EXERCISE DIRECTIONS:
Your task is to restate word for word the lines in the material below, from the one with "Sausalito Fish Wave" up to and including the one with "woman wearing blue". Do not carry over the pictures.

DATASET RECORDS:

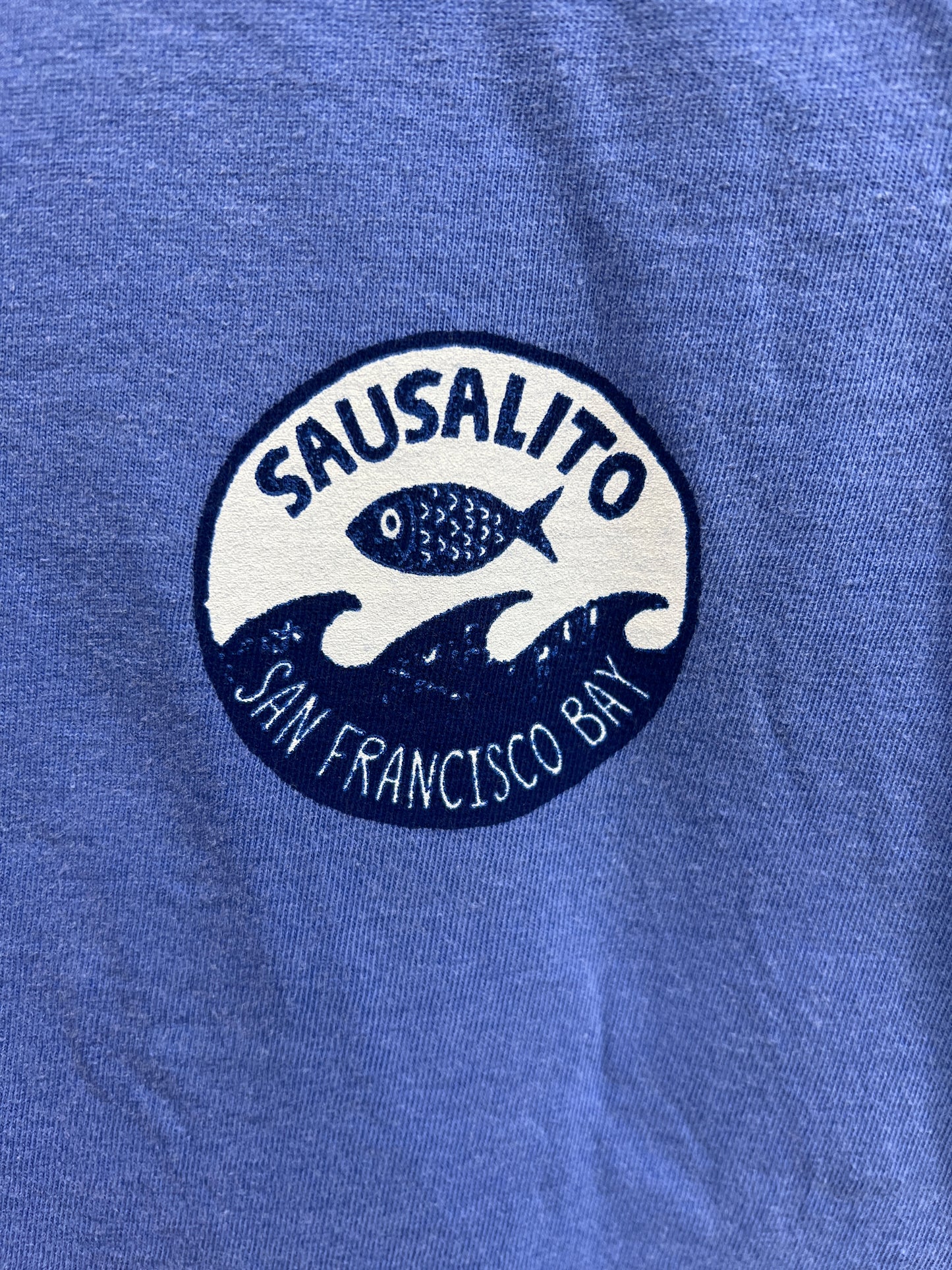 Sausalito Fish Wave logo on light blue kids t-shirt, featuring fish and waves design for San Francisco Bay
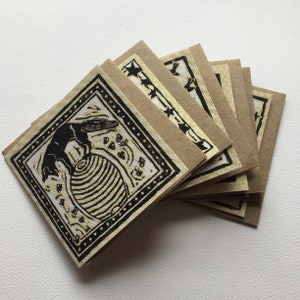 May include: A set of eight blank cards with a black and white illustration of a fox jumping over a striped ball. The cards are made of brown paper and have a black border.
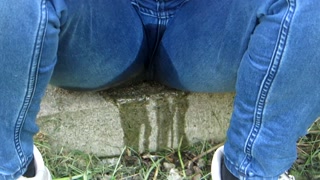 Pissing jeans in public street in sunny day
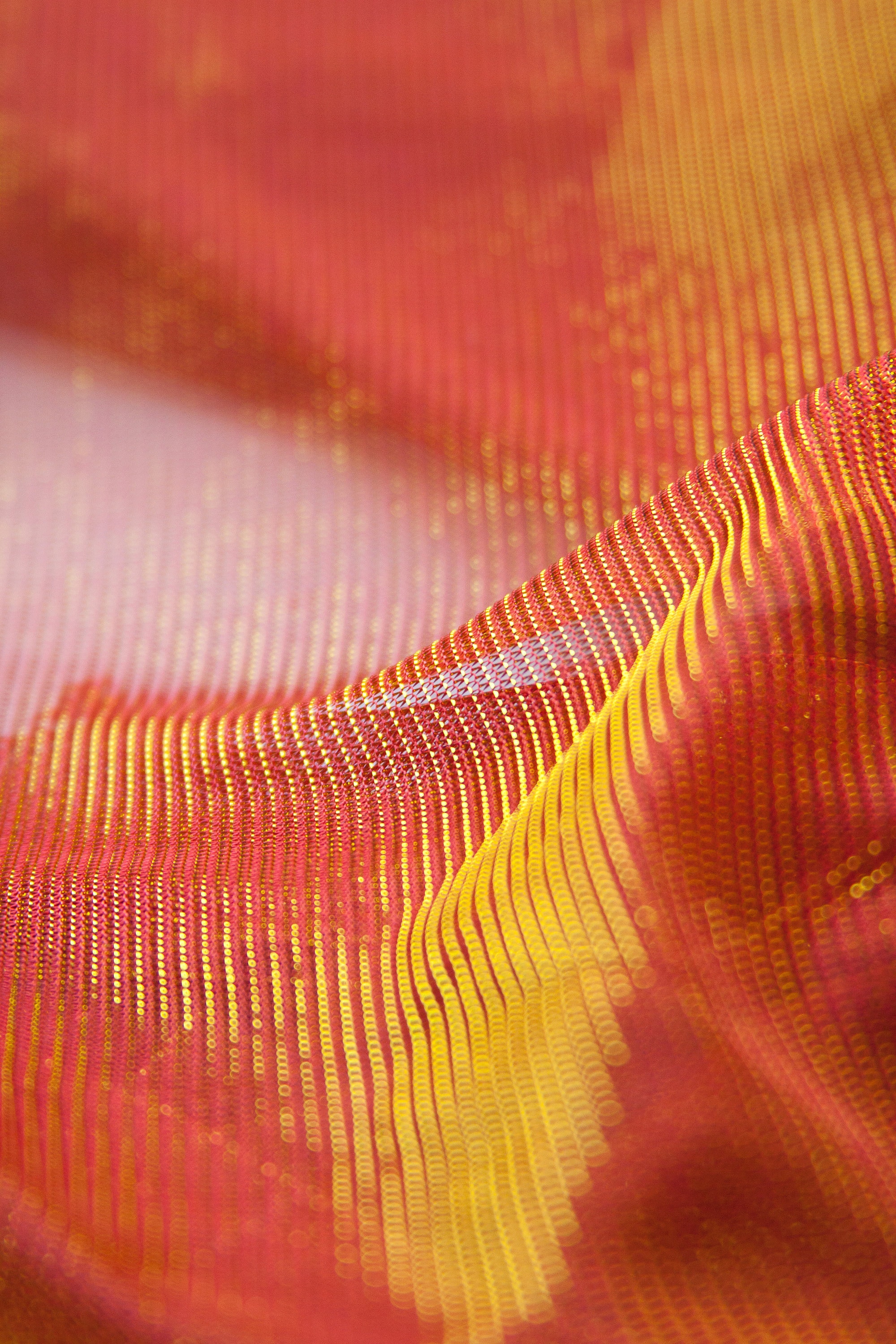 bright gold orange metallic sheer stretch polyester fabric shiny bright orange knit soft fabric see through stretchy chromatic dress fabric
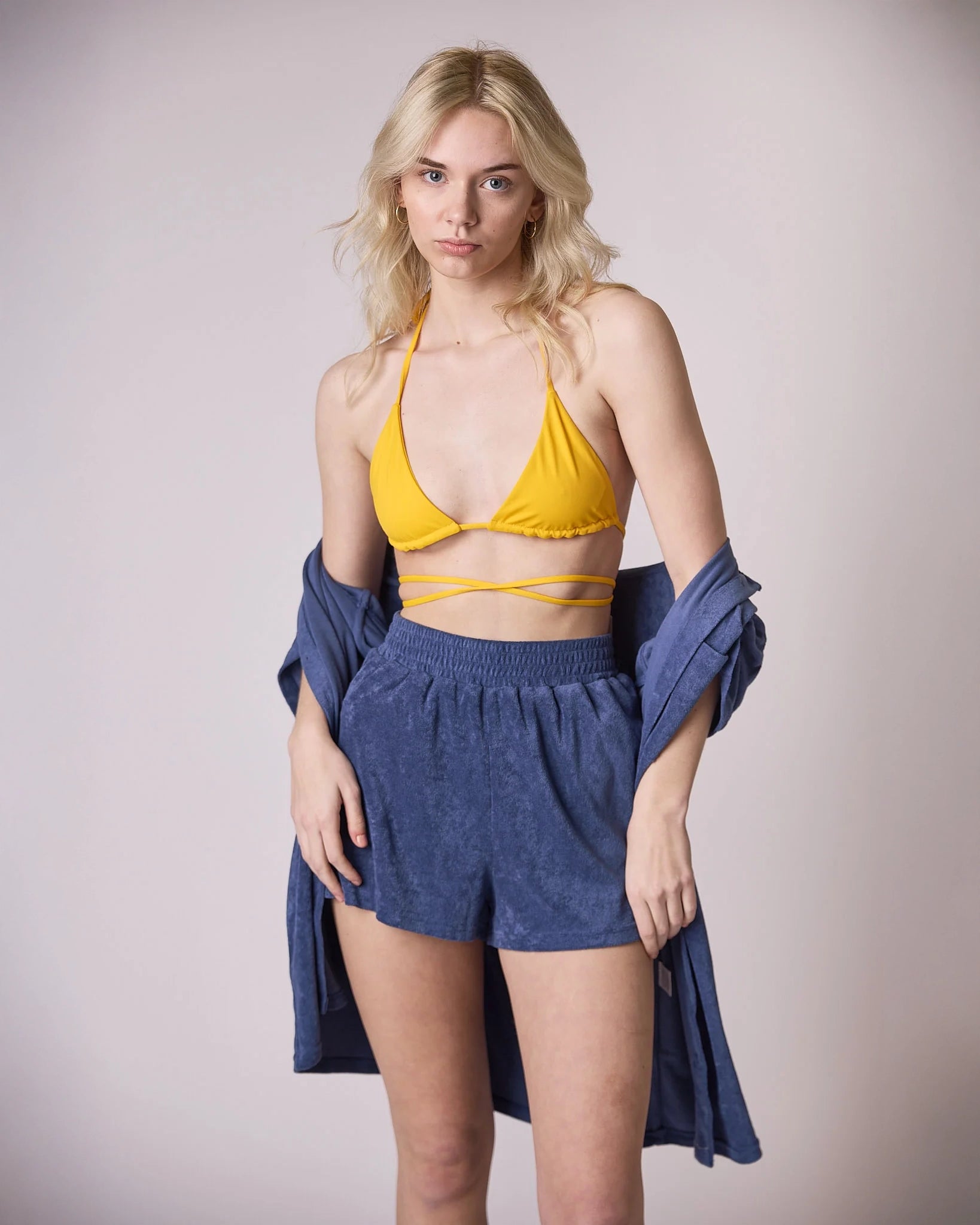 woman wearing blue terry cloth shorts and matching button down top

--

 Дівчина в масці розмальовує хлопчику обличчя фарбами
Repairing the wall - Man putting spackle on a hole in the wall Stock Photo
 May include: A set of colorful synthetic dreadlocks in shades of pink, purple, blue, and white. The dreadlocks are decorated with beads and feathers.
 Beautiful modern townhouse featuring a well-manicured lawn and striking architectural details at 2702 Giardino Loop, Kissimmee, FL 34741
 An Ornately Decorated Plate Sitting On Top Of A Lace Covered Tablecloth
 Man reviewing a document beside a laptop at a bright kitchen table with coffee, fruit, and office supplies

--

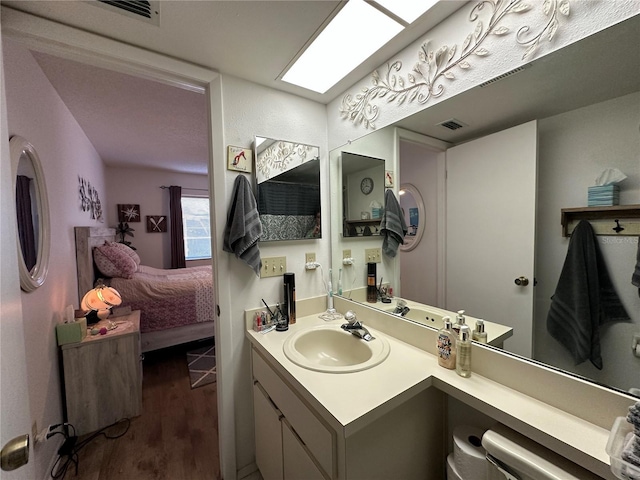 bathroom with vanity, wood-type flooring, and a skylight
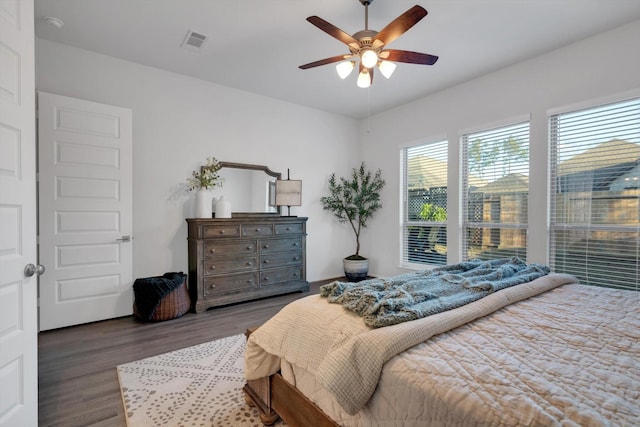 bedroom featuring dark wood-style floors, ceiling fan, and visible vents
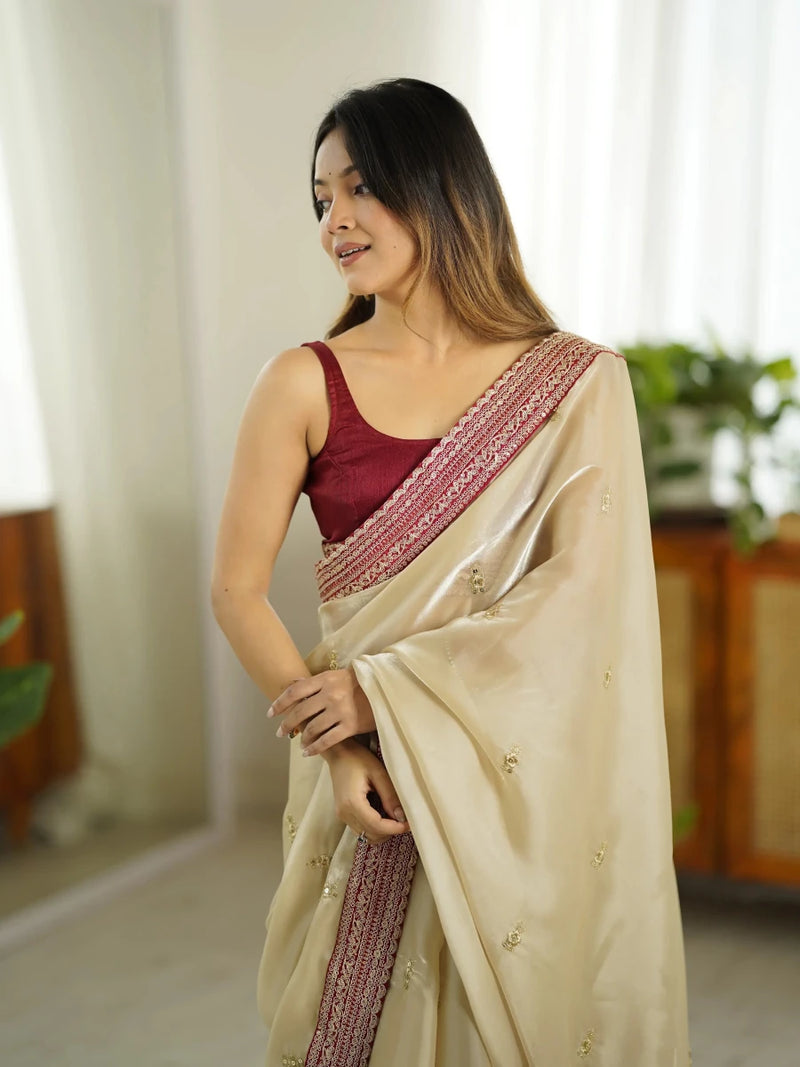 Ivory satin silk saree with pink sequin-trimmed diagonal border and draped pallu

RESULT:
 Sausalito Fish Wave logo on light blue kids t-shirt, featuring fish and waves design for San Francisco Bay
 May include: A set of eight blank cards with a black and white illustration of a fox jumping over a striped ball. The cards are made of brown paper and have a black border.
 Pissing jeans in public street in sunny day
 bright gold orange metallic sheer stretch polyester fabric shiny bright orange knit soft fabric see through stretchy chromatic dress fabric
 woman wearing blue terry cloth shorts and matching button down top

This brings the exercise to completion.